Matthew 11:25-30 New Living Translation (NLT)
25 At that time Jesus prayed this prayer: “O Father, Lord of heaven and earth, thank you for hiding these things from those who think themselves wise and clever, and for revealing them to the childlike. 26 Yes, Father, it pleased you to do it this way!
27 “My Father has entrusted everything to me. No one truly knows the Son except the Father, and no one truly knows the Father except the Son and those to whom the Son chooses to reveal him.”
28 Then Jesus said, “Come to me, all of you who are weary and carry heavy burdens, and I will give you rest. 29 Take my yoke upon you. Let me teach you, because I am humble and gentle at heart, and you will find rest for your souls. 30 For my yoke is easy to bear, and the burden I give you is light.”
Last night, as Doug and I walked around the track at the soccer field, I began reciting “The List” to him (“The List” is anything and everything having to do with our lives, our marriage, our children, the job and the ministry that needs decisions made or things done). He patiently listened and empathized with my struggle, but in the end he offered several points of wisdom and encouraged me to pray- and wait.
I don’t like to wait. I want an answer NOW, because when I have “The List” all checked off, I can rest!
This, however, I am learning, is not true rest.
On New Years Day 2012, the Lord gave me a vision of myself in a yoke with Jesus. I was leading…running ahead, straining myself, and I was completely exhausted trying to navigate the road ahead. Even more frustrating was trying to decide which road to take!
Almost immediately, I knew what God was trying to show me. I was failing to humble myself before the King of Kings and allow HIM to teach – and lead me. Instead, I was striving to do everything by myself. The consequences for my actions were heavy burdens, which did not belong to me, and a yoke that was impossible for me to carry.
This morning as I was praying, this same passage of scripture came to mind…and I was reminded of the vision.
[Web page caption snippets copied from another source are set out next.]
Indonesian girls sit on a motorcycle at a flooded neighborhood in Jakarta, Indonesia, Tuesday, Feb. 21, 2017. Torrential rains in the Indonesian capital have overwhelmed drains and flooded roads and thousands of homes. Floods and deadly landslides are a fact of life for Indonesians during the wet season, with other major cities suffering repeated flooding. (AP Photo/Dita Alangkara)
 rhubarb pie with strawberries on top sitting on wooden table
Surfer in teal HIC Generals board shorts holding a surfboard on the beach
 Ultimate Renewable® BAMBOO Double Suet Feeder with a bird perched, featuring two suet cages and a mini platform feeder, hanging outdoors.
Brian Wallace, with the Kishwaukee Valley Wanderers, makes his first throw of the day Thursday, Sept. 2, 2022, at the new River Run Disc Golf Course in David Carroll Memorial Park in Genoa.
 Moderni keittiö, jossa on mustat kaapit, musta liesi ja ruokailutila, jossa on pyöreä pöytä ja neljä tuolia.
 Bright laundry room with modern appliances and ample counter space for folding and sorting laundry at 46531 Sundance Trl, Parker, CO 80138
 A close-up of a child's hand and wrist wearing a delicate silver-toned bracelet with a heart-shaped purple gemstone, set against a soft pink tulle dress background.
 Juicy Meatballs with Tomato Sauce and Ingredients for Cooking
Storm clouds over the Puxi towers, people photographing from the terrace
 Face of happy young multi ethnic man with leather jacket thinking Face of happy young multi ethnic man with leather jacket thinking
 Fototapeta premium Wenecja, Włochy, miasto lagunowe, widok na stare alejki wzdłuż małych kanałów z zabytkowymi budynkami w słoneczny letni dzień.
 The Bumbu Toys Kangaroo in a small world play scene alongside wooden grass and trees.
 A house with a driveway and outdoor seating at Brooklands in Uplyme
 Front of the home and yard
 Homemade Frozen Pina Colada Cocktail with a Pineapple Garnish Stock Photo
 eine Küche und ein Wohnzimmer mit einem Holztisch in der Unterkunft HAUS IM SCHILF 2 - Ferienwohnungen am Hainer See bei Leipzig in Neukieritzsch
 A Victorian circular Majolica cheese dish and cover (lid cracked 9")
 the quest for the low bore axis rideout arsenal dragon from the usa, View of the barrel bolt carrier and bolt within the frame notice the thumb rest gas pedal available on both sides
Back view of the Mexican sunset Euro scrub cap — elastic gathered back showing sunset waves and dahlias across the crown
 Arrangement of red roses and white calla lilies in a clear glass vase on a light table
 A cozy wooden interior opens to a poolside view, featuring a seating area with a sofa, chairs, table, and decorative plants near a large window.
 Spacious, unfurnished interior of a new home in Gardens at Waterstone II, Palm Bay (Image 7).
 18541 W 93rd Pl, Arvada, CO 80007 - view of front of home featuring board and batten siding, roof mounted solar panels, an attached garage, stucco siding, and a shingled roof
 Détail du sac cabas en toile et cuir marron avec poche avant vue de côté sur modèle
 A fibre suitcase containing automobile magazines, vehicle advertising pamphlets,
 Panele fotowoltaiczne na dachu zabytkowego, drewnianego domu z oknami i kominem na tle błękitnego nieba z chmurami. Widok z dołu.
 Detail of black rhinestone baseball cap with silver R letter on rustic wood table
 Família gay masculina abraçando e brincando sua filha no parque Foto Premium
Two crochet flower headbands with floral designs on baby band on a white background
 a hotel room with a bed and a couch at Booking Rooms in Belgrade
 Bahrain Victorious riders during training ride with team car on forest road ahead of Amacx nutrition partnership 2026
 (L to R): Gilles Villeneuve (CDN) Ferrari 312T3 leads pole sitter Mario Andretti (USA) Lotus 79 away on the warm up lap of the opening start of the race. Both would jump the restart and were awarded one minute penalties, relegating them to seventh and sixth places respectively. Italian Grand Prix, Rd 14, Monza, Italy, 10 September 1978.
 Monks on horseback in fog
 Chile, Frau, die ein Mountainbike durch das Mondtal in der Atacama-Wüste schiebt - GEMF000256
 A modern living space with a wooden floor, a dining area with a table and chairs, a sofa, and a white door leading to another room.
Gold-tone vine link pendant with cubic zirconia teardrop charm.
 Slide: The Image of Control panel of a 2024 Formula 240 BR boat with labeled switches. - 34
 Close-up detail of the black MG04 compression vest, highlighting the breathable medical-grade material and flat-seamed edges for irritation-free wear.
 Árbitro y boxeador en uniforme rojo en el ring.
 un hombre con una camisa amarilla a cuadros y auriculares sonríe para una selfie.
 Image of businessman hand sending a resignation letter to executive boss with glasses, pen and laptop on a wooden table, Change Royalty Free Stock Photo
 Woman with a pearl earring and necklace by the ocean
“Surely, this must be for someone else, Lord….not ME again?!?” (flash back to last nights conversation with Doug…and how overwhelmed I was feeling).
Once again, as the demands of life have begun piling up, I’ve inadvertently started picking up burdens, which aren’t mine to carry, and the weight of answering & fulfilling the “The List” was beginning to crush the yoke around my neck:
-Doug hasn’t been paid for multiple weeks of consulting work….and the bills keep rolling in.
-Our oldest is starting High School in another year. How will I be able to teach her and ensure she meets all the requirements she needs for college?
-Our middle 2 daughters want to be involved in theatre, but lessons are costly and I want them to honor God in all that they do, without having to compromise their beliefs.
-Should I plan more play dates and extra-cirricular activities for our son (so he stops pestering his sisters)….or should Doug just take him outside every day and body slam him!?!
-We have a mound of paperwork and scheduling that needs to be done for the ministry… …when am I gonna be able to get it all done?!?
God promises that if I surrender myself to Jesus’ lead, within the yoke He designed for me, I will be able to pull the burdens He gives me to carry with ease. Even when the road ahead seems treacherous and difficult to maneuver, I can trust Him to lead me, and I will find rest for my soul.
Jesus beckoned me to come to Him again this morning…..and when I did, He lovingly showed me that I had not submitted “The List” to Him. Once I realized this, I repented for trying to carry the burden on my own- and not trusting Him to lead. The result was a miraculous and instantaneous one: my burden was lightened and my yoke was made easy.
After I rested in Him for a while, I began asking questions pertaining to “The List” and wouldn’t ya know it- He answered some of them immediately, and others, He said “wait….” That’s exactly what the man who leads me- and our family- said last night! (there’s probably another lesson here that Jesus wants to teach me about trusting my husband, and following his lead, huh?!?).
One thought on “Rest for my Soul”
Oh Jodie… this almost had me in tears. The message may have been for you…but not just for you! God had been whispering to me on this subject, too. Same verse, too… just last night in fact. Thank you for sharing this!